LOVE FOR TENDER

Under a juniper-tree the bones sang, scattered and shining.

We are glad to be scattered, we did little good to each other.

Under a tree in the cool of the day, with the blessing of sand.

Forgetting themselves and each other, united

in the quiet of the desert.

T. S. Eliot

Chapter 1 - You won't take my love for tender

Hermione Granger had no idea where she was when she woke up. Her mouth was dry and her head was pounding and to make matters worse there seemed to be an awful lot of ambient noise and light and movement.

Sadly, this state of affairs had become the norm for her over the past year.

She slowly opened her eyes to reveal buzzing overhead fluorescent lights, black-painted walls, and something that sounded like a Muggle cement mixer…but turned out, as she examined it through squinted eyes, to be a floor polishing machine. I've passed out in that after-hours club, then, she thought, and now it's after-hours for it, which likely meant sometime in the early afternoon, to judge by the harsh light glaring in through the unshuttered windows. The janitor seemed unaware that he had company, as he seemed rather intent on his work and also because the floor polisher was so horribly loud.

Sitting on the floor next to the beat-up and sagging black leather sofa where she'd crashed was a partially-empty drink graced by a few tiny, floating ice cubes. She grabbed the glass, heedless of germs or alcohol content, and guzzled down the contents, which turned out to be watery gin and tonic. Better than nothing, and at least marginally healthy, she thought.

The janitor finished the area near the couches then unplugged the machine and pushed it off down a hallway, which was some relief. She wished he'd have closed the blinds behind him, but as she didn't intend to stay here any longer than necessary, and was concerned that she might pass back out, it was just as well. She slowly sat up and took stock of the rest of her surroundings. There was a large bank of casement windows with a view of the rather nondescript street that she recalled Apparating to. Under the windows, there was a bar and a DJ station that she also recalled. The leather sofa on which she rested was one of three similar ones in the room. Next to the large bank of windows, there was a pair of battered green metal doors. There were light fixtures—currently unlit- on the matte black walls.

And Draco Malfoy was lounging on the second of the three couches, about three feet away from her, also looking rather discomfited at the amount of light in the room, although there was no spent drink on the floor near him.

"Granger?" he croaked, as their eyes made contact.

"Malfoy?" she said, as she took note of the purple beaded bag looped firmly on her wrist. It was missing a lot of its beading and had seen better days, but the Undetectable Extension Charm on it still held. She opened it up and reached in for her wand. It was still there.

"Should have told him to bloody go away," he muttered. "Sorry."

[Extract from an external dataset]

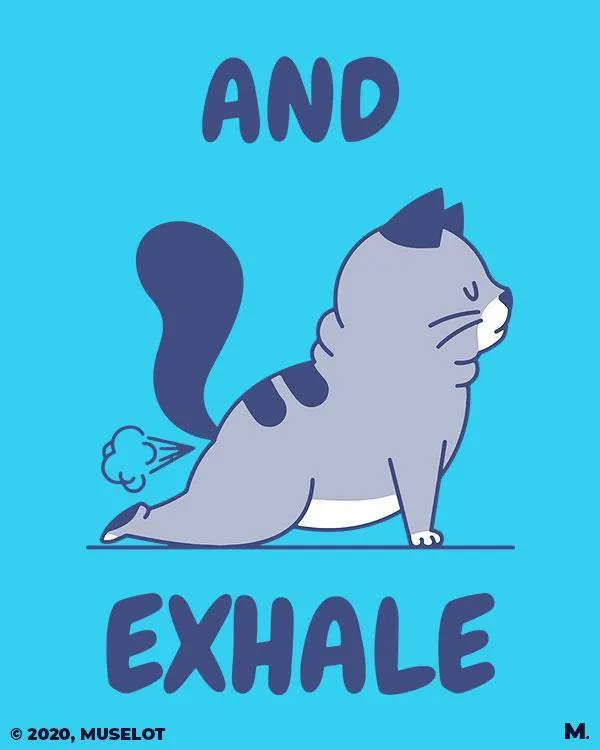 Muselot And exhale printed t shirt with yoga cat design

"Er…" she began, feeling decidedly un-intellectual. "That wouldn't have been very nice," she finally finished, after a rather long pause.

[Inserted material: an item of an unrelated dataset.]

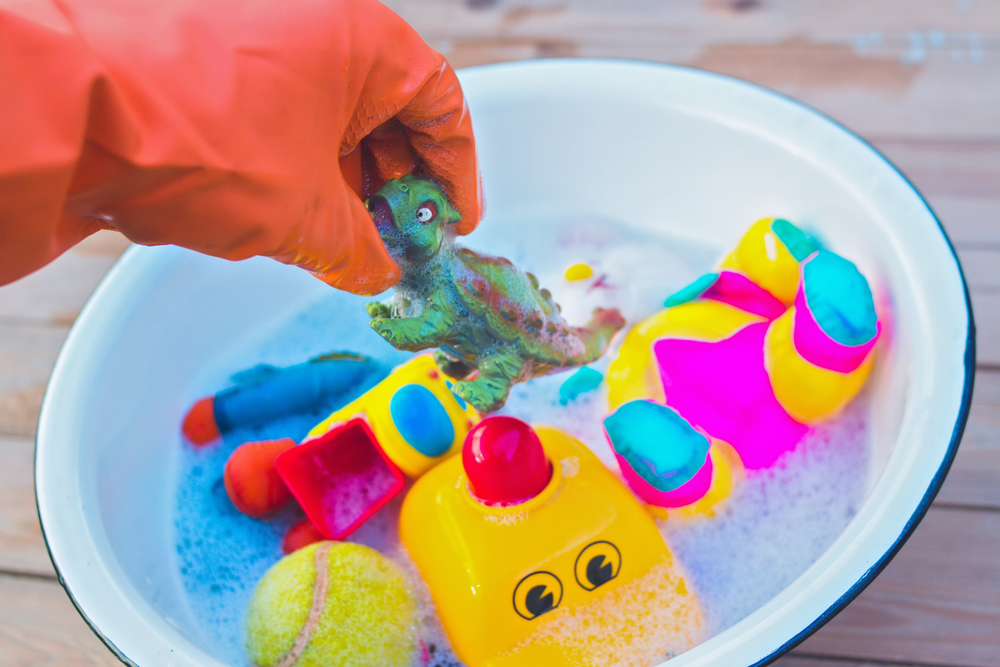 jucării din plastic spalate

"I'm doing him enough of a favour that I don't have to be nice all the bloody time," Malfoy said.

"Wait…is this your club?"

"Of course it is. Note the green door, and the subtle lighting motif." She glanced at the light fixtures, which at closer inspection were, unsurprisingly, coiled snakes. "Everyone knows about the Silver Serpent, it's been open since the 1970s in one form or another. I can afford to be understated," he said, as he swung his legs over the side of the couch and slowly sat up. "If you need the loo, you may want to run there now before he starts cleaning it." He raised his wand and muttered Accio Duo Evian, and two water bottles zoomed out from behind the bar toward the couch. He caught them neatly in both hands and then tossed the second toward the couch where Hermione remained slumped. "Go on, I'll find the Hangover Potion while you're there, I'm fairly sure there's at least one bottle behind the bar."

She slowly stood up, her head still pounding. "Don't you need any?"

"I don't drink," he said, as she started off down the hall, first slowly, and then quicker, realizing that she was definitely in urgent need.

When she returned, having splashed a bit of water on her face and put her recalcitrant hair up in a scrunchie she'd found in a dusty corner of her bag, Draco sat at a table that he'd likely conjured, on which rested the two bottles of water, a potion bottle, and what appeared to be a box of breakfast pastries.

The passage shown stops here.